> **INFORMATION SUPPLIED**:
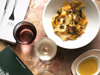 Overhead shot of table with pasta dish, menu and wine glasses at Farmers Marrakech
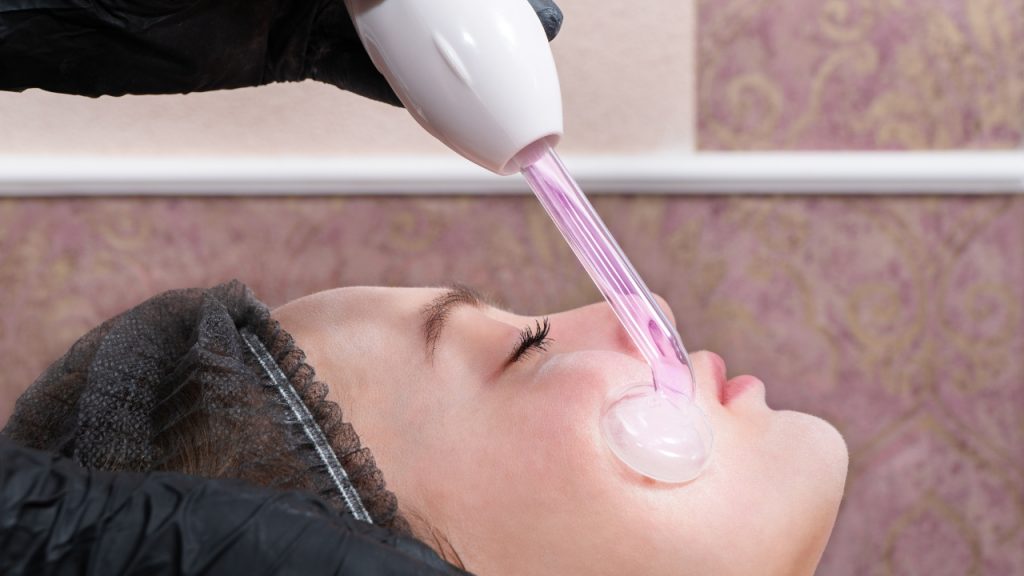 Aparato de alta frecuencia en uso durante un tratamiento facial.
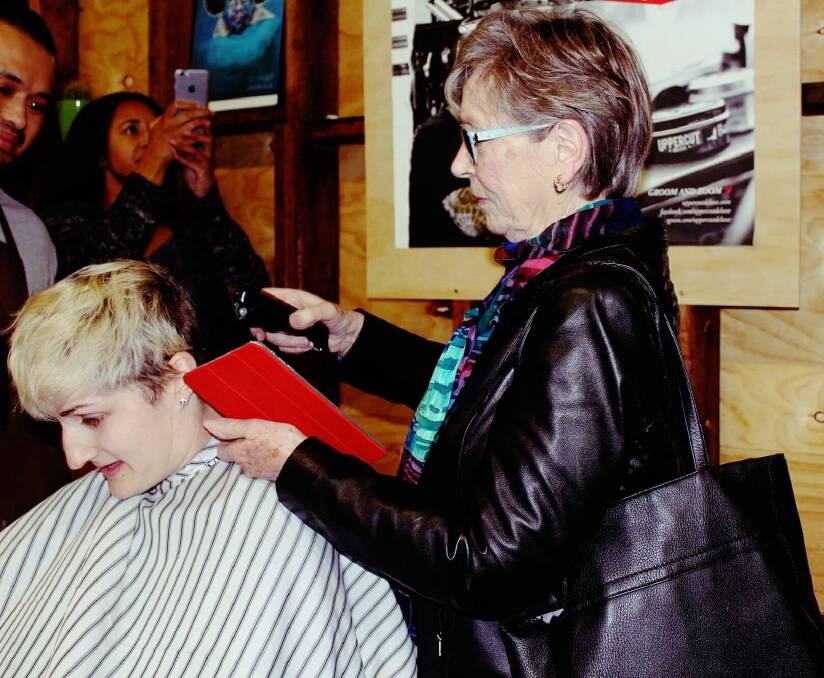 Shelley West at The Barber Shop in Braddon as her grandmother Sue Davis takes up the clippers.  Photo: Supplied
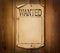 Blank wanted poster on wooden background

> **ACTIVITY**: Could you output the entire listing verbatim while omitting its pictures?

> **RESULT BELOW**:
 Overhead shot of table with pasta dish, menu and wine glasses at Farmers Marrakech
 Aparato de alta frecuencia en uso durante un tratamiento facial.
 Shelley West at The Barber Shop in Braddon as her grandmother Sue Davis takes up the clippers.  Photo: Supplied
 Blank wanted poster on wooden background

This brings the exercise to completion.